Yoruba-TTS-Dataset

Language

Yoruba (native name: Èdè Yorùbá) is a Niger-Congo language of the Volta-Niger branch, spoken primarily in southwestern Nigeria and parts of Benin and Togo. It is one of the three major official languages of Nigeria alongside Igbo and Hausa. Yoruba is also historically represented across the African diaspora, particularly in Brazil, Cuba, Trinidad, and other parts of the Americas, where its influence has been preserved through religious and cultural traditions.

Yoruba is spoken by an estimated 40 to 50 million people as a first language, with many more speaking it as a second language. It is the native language of the Yoruba people, one of the largest ethnic groups in Africa, concentrated in the states of Lagos, Ogun, Oyo, Osun, Ondo, Ekiti, Kwara, and Kogi in Nigeria, as well as in parts of Benin (Republic of) and Togo. Yoruba enjoys a strong literary tradition, vibrant oral heritage, and is the medium of instruction in early education in Yoruba-speaking areas of Nigeria.

Yoruba is a tonal language, with three phonemic tones — high (´), mid (unmarked), and low (`) — that distinguish meaning at the lexical and grammatical levels. This tonal structure is a defining feature of the language and is systematically represented in the standard orthography.

Variants

Yoruba is a dialect continuum with a widely recognized Standard Yoruba variety used in education, media, and literature. Major regional dialect groups include:

Central (Oyo) dialects:

Oyo Yoruba — the basis of Standard Yoruba; spoken in Oyo State; forms the prestige variety used in formal writing, broadcasting, and education

Northwestern dialects:

Egba — spoken in Abeokuta area (Ogun State); notable for phonological differences in vowel harmony and consonant clusters
Ijebu — spoken in Ijebu Ode area (Ogun State); distinguished by specific lexical and phonological features

Eastern dialects:

Ekiti — spoken in Ekiti State; strongly divergent from Standard Yoruba in phonology, lexicon, and some grammatical structures
Ondo — spoken in Ondo State; intermediate between Ekiti and central varieties
Ijesa (Ilesa) — spoken in Osun State; exhibits unique tonal and vowel patterns

Northern dialects:

Igbomina — spoken in northern Kwara and Osun; considered conservative in retaining older Yoruba features
Okun — spoken in Kogi State; transitional dialect showing influence from neighboring languages

Urban variety:

Lagos Yoruba — urban variety spoken in Nigeria's commercial capital; cosmopolitan, incorporating borrowings from English, Hausa, Igbo, and Nigerian Pidgin; widely used in popular music, social media, and youth culture

The variety represented in this dataset reflects the standard spoken variety of Yoruba, drawing on the common spoken register widely intelligible across Yoruba-speaking communities.

Writing System

Yoruba has two major written traditions: the modern standard orthography and the older traditional missionary orthography.

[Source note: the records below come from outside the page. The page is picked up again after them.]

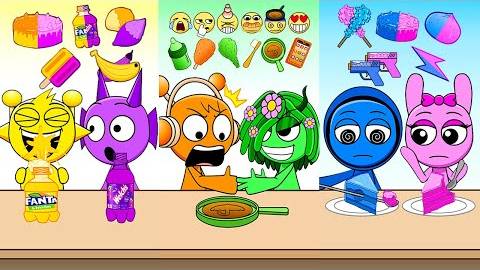 Incredibox Sprunki Emoticon Mukbang _ Cartoon Animation Challenge _ MOOMOOSTUDIO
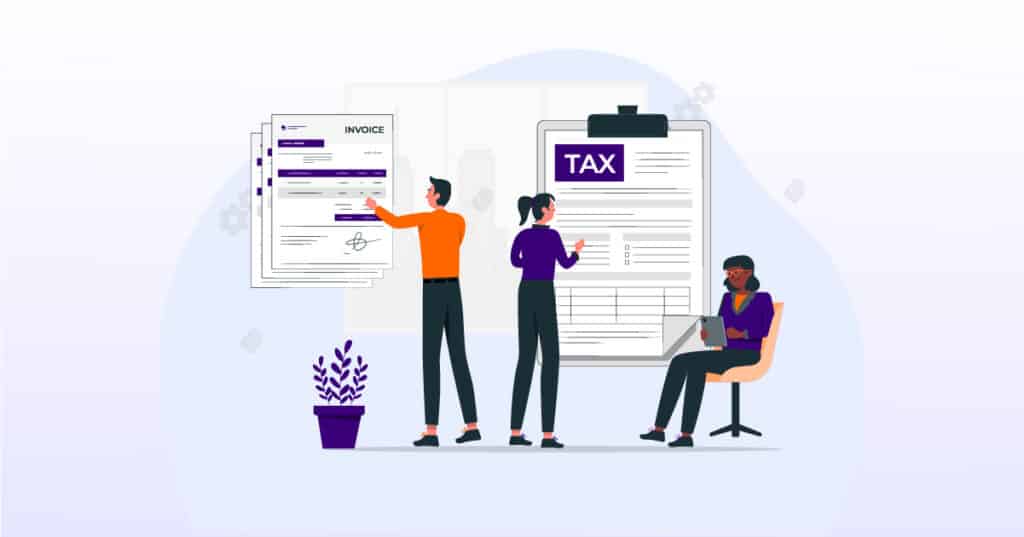  Businesspeople managing tax documents and invoices, with large tax form and invoice paperwork in the background, representing tax planning and management.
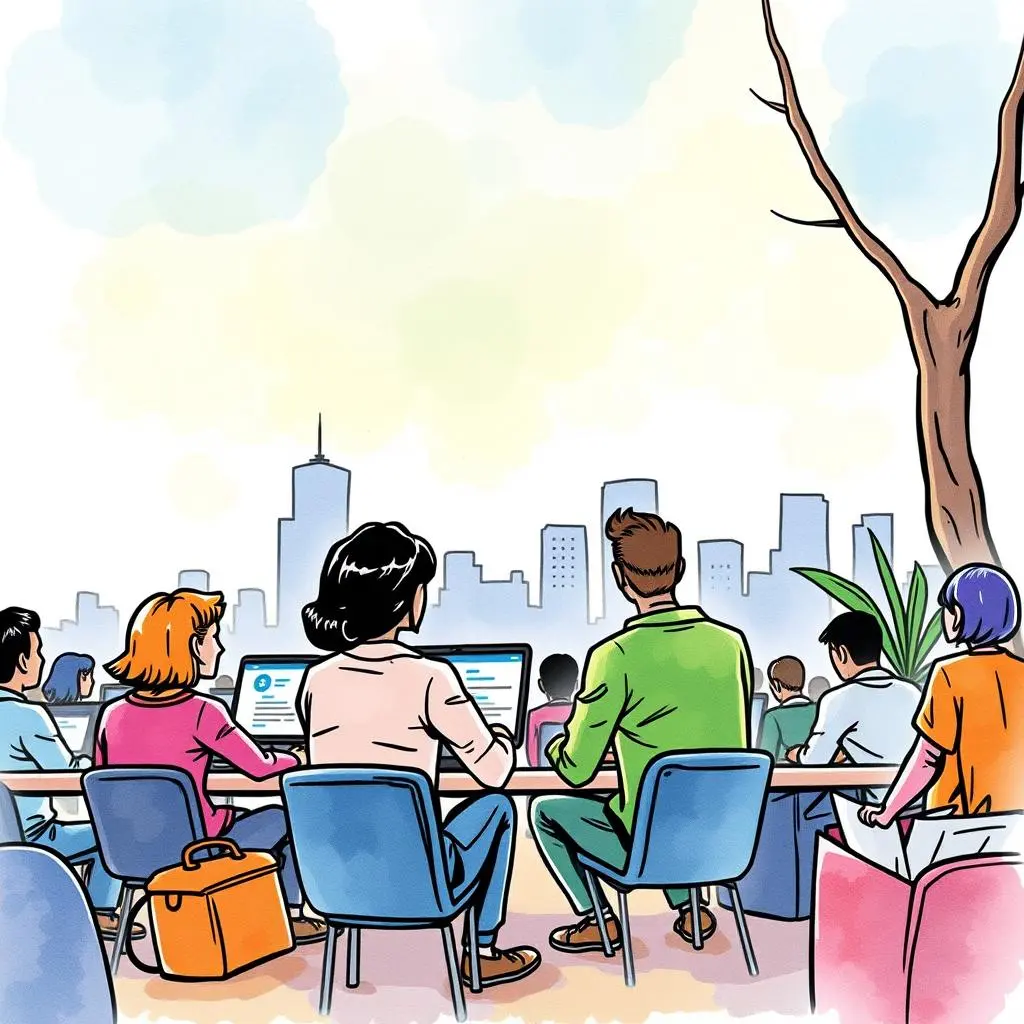 Audience response analyzer: Summarize audience responses to marketing campaigns 1 Professionals analyzing data on laptops with a city skyline backdrop.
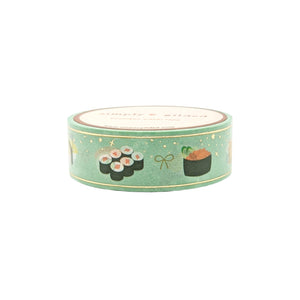 Mint Sushi Washi (15mm + light gold foil) (Item of the Week)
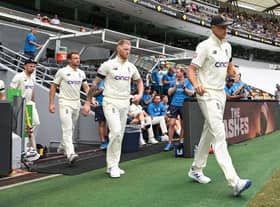England captain Joe Root leads team mates onto the field during day one of the First Test Match in the Ashes series between Australia and England at The Gabba. (Photo by Bradley Kanaris/Getty Images)
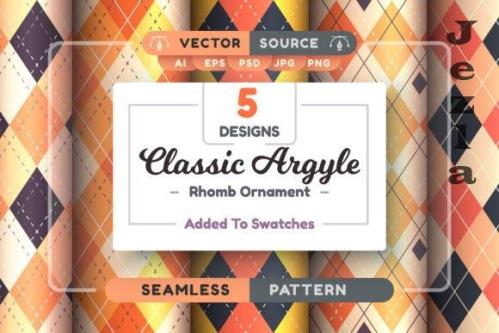 Set 5 Argyle Seamless Patterns - 10183102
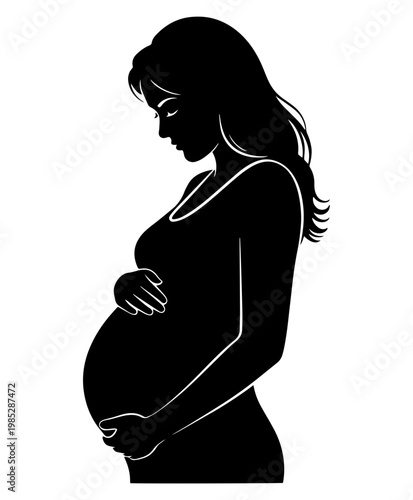 Minimalist Silhouette of a Pregnant Woman in Black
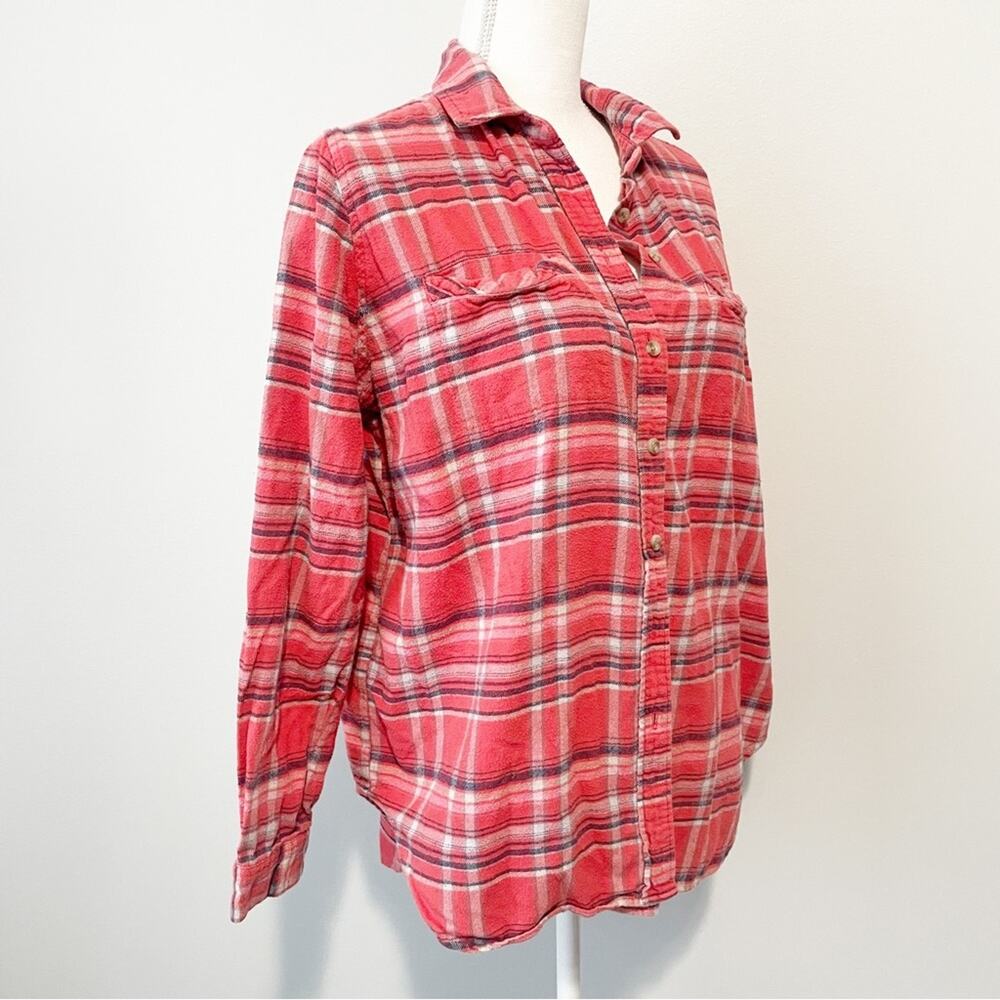 BDG red plaid flannel button down top size small grunge - Picture 3 of 9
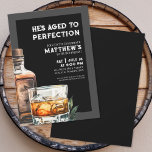 Whiskey Men's Birthday Party Invitation<br><div class="desc">Elegant Whiskey-Themed Men's Birthday Invitation. Celebrate fifty years with this classic, masculine invitation featuring a large watercolor whiskey bottle and glass on the right side for a modern twist. “He’s Aged to Perfection” appears at the top in elegant white serif fonts on a black background with a dark gray frame,...</div>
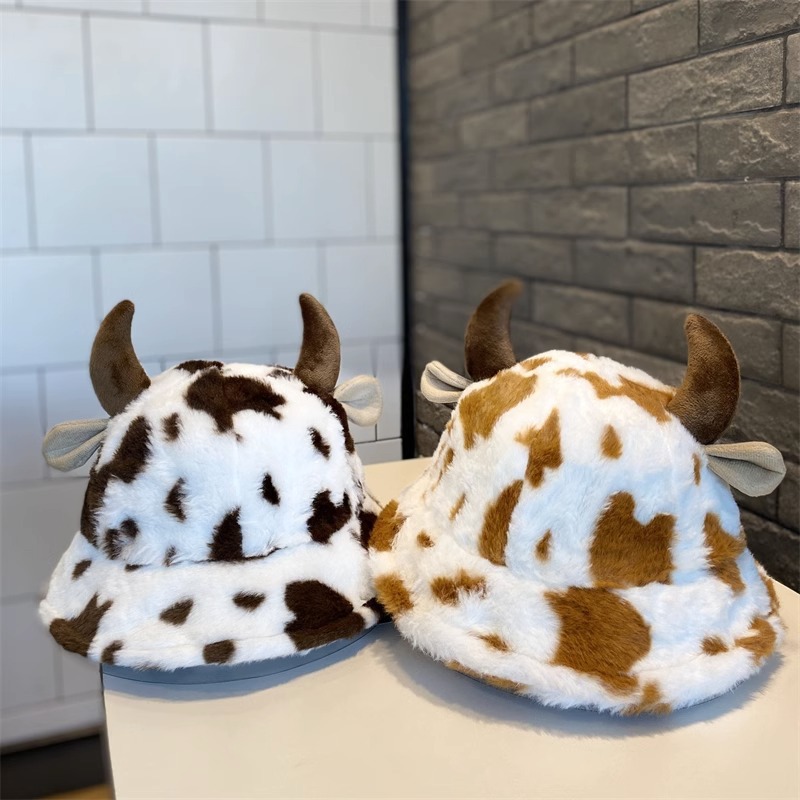 Horn Plush Fisherman Hat Female Autumn And Winter Warm Japanese Korean Version Of Cute Cow Print Basin Hat With Face Small Hat Specification drawing
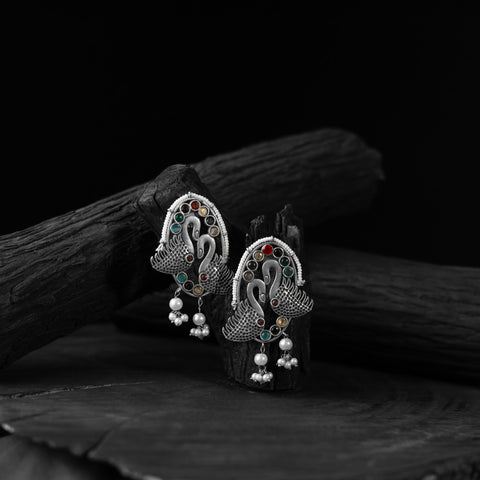 Multicolor - saanjh bela twin swan oxidised earrings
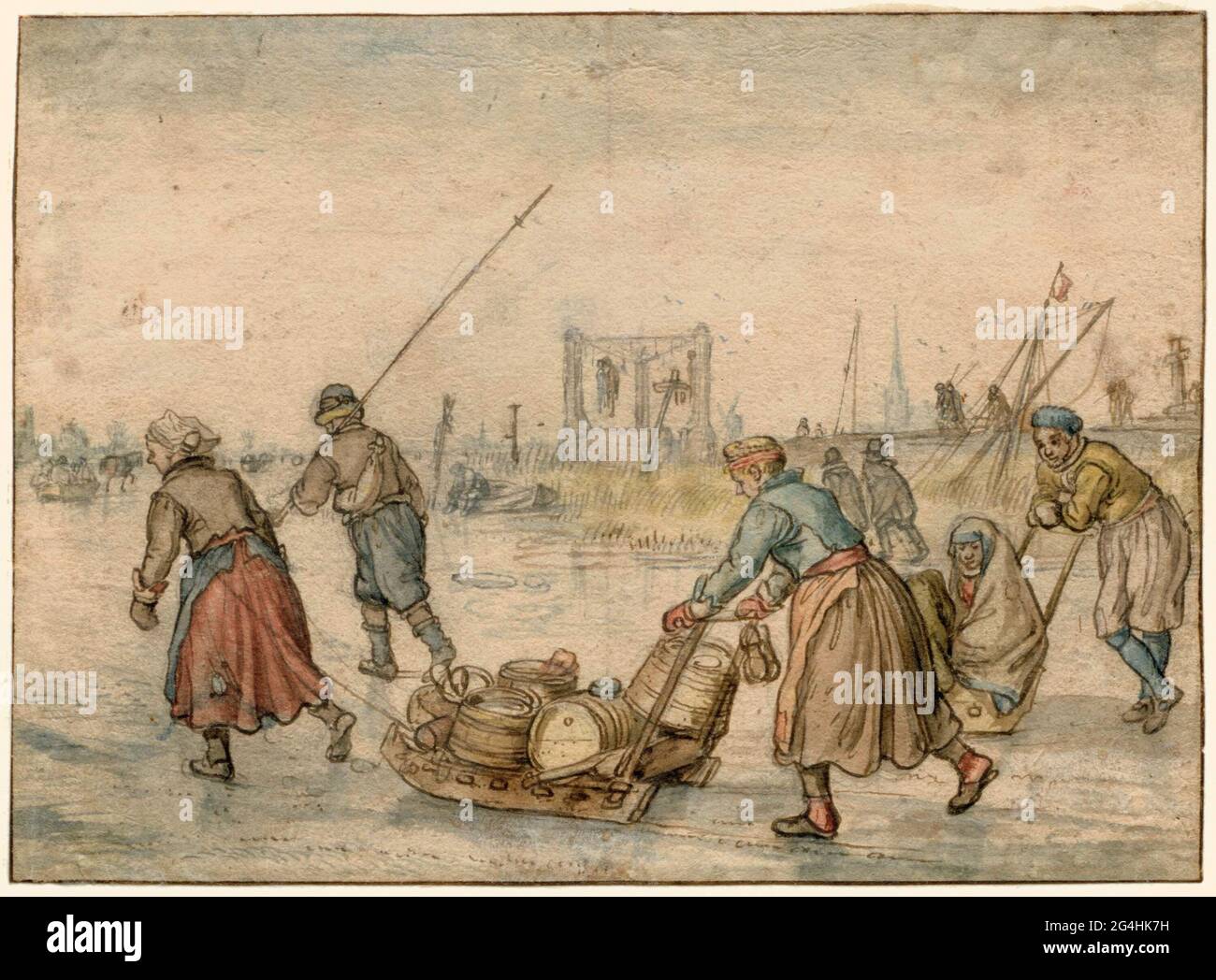 . Zwei Frauen mit einem Schlitten und anderen Figuren auf dem Eis; in der Ferne ein Galgen. Stockfoto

Modern standard Yoruba orthography was formalized through academic and governmental efforts and is used in contemporary official publications, school curricula, and most current printed Yoruba-language materials. It employs an augmented Latin alphabet of 25 letters:

a, b, d, e, ẹ, f, g, gb, h, i, j, k, l, m, n, o, ọ, p, r, s, ṣ, t, u, w, y

Key features of the modern standard orthography include sub-dotted vowels (ẹ, ọ) to distinguish open-mid from close-mid vowels, a sub-dotted consonant (ṣ) for the postalveolar fricative [ʃ], and systematic tonal diacritics (acute accent for high tone, grave accent for low tone, unmarked for mid tone) on vowels and syllabic nasals.

Traditional missionary Yoruba orthography, by contrast, was the earliest written form of Yoruba, developed in the 19th century primarily through the work of Samuel Ajayi Crowther — the first African Anglican bishop, who produced a Yoruba grammar (1843) and was the principal translator of the Yoruba Bible (1884). This orthography predates the standardization effort and uses a simpler Latin alphabet without subscript diacritics or systematic tone marking. Key features include:

No tone marks on vowels or syllabic nasals; tones are left to contextual and phonological inference
Plain e and o used for both close-mid (e, o) and open-mid (ẹ, ọ) vowels, without subscript dots
Plain s used for both the alveolar fricative [s] and the postalveolar fricative [ʃ] (where modern orthography distinguishes s and ṣ)
The digraph gb is retained for the labial-velar stop, consistent with both systems
Double vowels (e.g., ee, oo, ii) and repeated nasals (e.g., nn) are used in some positions

The transcriptions in this dataset are written in the traditional missionary Yoruba orthography, without tone marks or subscript-dotted letters. This reflects the written tradition of the source texts from which the speaker read, which were drawn from older Yoruba print materials in this orthographic tradition.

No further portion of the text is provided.